Syriana is a fantastically entertaining and important film. There’s really no other way to put it. It’s great to see so many big names stick their necks out to bring attention to such a controversial and complex set of issues.

It’s a bit sad, then, to see the way the only African American character in the movie is portrayed. To be fair, one of the most fascinating things about Syriana is that none of the characters are good or bad — they are all shades of gray. Still, the black guy is a deeper gray than most and the darkness of his character is only deepened by the fact that there are no other black characters to soften him (save a quick interlude with a Condoleeza clone).

Damon’s character is ambitious to a fault and ends up not the great family man, but ultimately figures out what is important. Clooney’s character has trouble managing his relationship with his kid because of constant deep cover and he does questionable things, but does them for the right reasons. Cooper’s character a fairly one-dimensional oil big-wig, but that’s okay because he’s balanced by all the other white guys (not to mention our lifelong cultural training). Jeffrey Wright’s character (token black guy Bennett Holiday) is also one-dimensional, but with no similar balances.

Holiday is myopically focused on work and has an alcoholic father, with whom he is frustrated to the point of (verbal) mistreatment.

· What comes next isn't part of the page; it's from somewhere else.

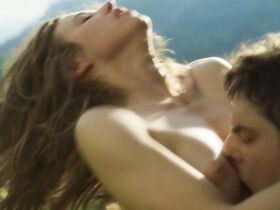 Лу де Лааж голая – Белоснежка. Сказка для взрослых (2019)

In the corridors of power, he appears something of an Uncle Tom as he’s manipulated (everyone in the film is, but racial politics say something more when you’re the only black guy in every room) into a difficult situation and finds his own way out. For him, though, there is no reconciliation, no doing the right thing because it’s right, no moral outcome beyond survival. And back to the pathetic, empty home life in the end. Of the main characters in the film, Bennett is the least complex and has the fewest redeeming qualities.

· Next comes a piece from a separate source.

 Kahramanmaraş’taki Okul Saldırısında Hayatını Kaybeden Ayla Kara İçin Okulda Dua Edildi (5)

That said, I don’t blame Wright for taking the role and I don’t really blame the filmmakers for writing his character the way they did. (After all, a character is a character and I’m as sick of black spiritual guides as anyone.) Taken by itself this instance, while annoying, isn’t so awful; it’s when this instance is placed in broader context that it becomes truly aggravating.

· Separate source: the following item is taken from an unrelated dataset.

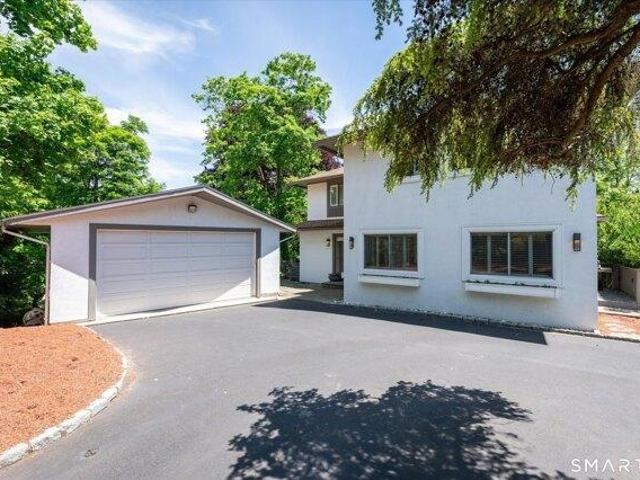 House for sale in Cos Cob, Connecticut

Here’s the problem: when it comes to portrayals of African Americans in film, it doesn’t seem like we’ve come very far in 10 years. In fact, we may have regressed from the black film renaissance of the early 90’s. (Observation only here, no stats — though I’d like to run them.) As always, there still aren’t very many quality roles for black folk and those that exist go to a select few. When Denzel becomes the first black best actor for playing a character as evil as they come (he’s had so many oscar-caliber performances, why this one?) and Halle earns the first black best actress when she reveals the crown jewels having sex with a white guy, you gotta wonder what kind of message the Hollywood establishment means to send.

We desperately need high profile and arthouse dramatic films (not comedies, not gangland) that feature a variety of black characters (not hustlers, not spiritual guides, not token). White directors are for the most part afraid to touch it (has Tim Burton ever cast a black person in one of his movies?) so we have to do it ourselves. And that leads to the following question: where are the envelope-pushing black directors — the Spike Lees, the John Singletons, the Hughes brothers — of today? Sadly, it seems black directors have fallen into step with the status quo set by their white peers. And perhaps that says more about the ugly state of the industry than anything else.